Pour ma part, je crois tout simplement que cela (à savoir que les fondamentaux de la science apparaissent au cours de l'induction) n'est pas vrai et je suggère que, dans la recherche d'une tête de pont parmi les fondamentaux, nous retournions en arrière, aux commencements mêmes de la pensée scientifique et philosophique, à une période où la science, la philosophie et la religion n'étaient pas encore des activités séparées, prises en charge par des professionnels, dans le cadre des disciplines séparées.
Gregory Bateson est un de mes auteurs préférés et l'un des rares que je cite souvent.
Donc, les sciences contre les quantités. Bateson le dit très bien, et comme lui je ne crois pas que « les fondamentaux de la science apparaissent au cours de l'induction », qui n'est qu'un instrument. Le délire actuel sur les “grosses données” (pardon, les “big data”, soyons modernes !) prétend que les sciences exactes et pondérales évolueront d'autant plus que l'on fera des traitements statistiques massifs, cela principalement grâce à “l'intelligence artificielle”. Deux problèmes :
- aucune découverte fondamentale significative des deux siècles passés en sciences exactes, pondérales, sociales ou humaines n'a découlé de traitements statistiques massifs ;
- l'intelligence ne peut pas être artificielle.

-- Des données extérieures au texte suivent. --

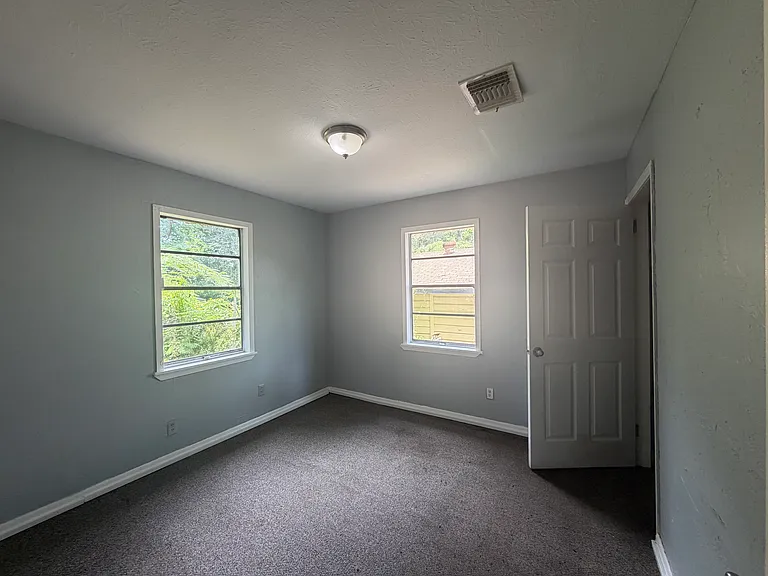 2618 Roosevelt Ave — Photo 6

Du fait, escompter aller plus loin et plus vite en faisant plus gros et plus lourd paraît insensé, pour aller plus loin et plus vite il faut être de dimension restreinte et léger, mais sans excès non plus dans ce sens, il faut, dirai-je, être moyen, tendance petit, avec quelques techniques pour devenir rapidement moyen tendance gros quand nécessaire. Et dans tous les cas, être vif et réactif. Les “big data” ne servent à découvrir que ce que l'on sait d'avance trouver, à « consacrer toute une vie à étudier les caractéristiques d['un] principe : varie-t-il en fonction de la température ? dans quelle fraction d'une distillation peut-on le situer ? quelle est sa formule moléculaire ? et ainsi de suite [...]. En fait, une multiplication des hypothèses dormitives est un symptôme de la préférence excessive pour l'induction ; c'est une telle préférence qui a engendré l'état de choses présent, dans les sciences du comportement : une masse de spéculations quasi théoriques, sans aucun rapport avec le noyau central d'un savoir fondamental ». Certes, l'innovation est nécessaire pour trouver moyen d'améliorer nos conditions de vie mais de nul intérêt pour aller plus loin, plus vite et plus longtemps.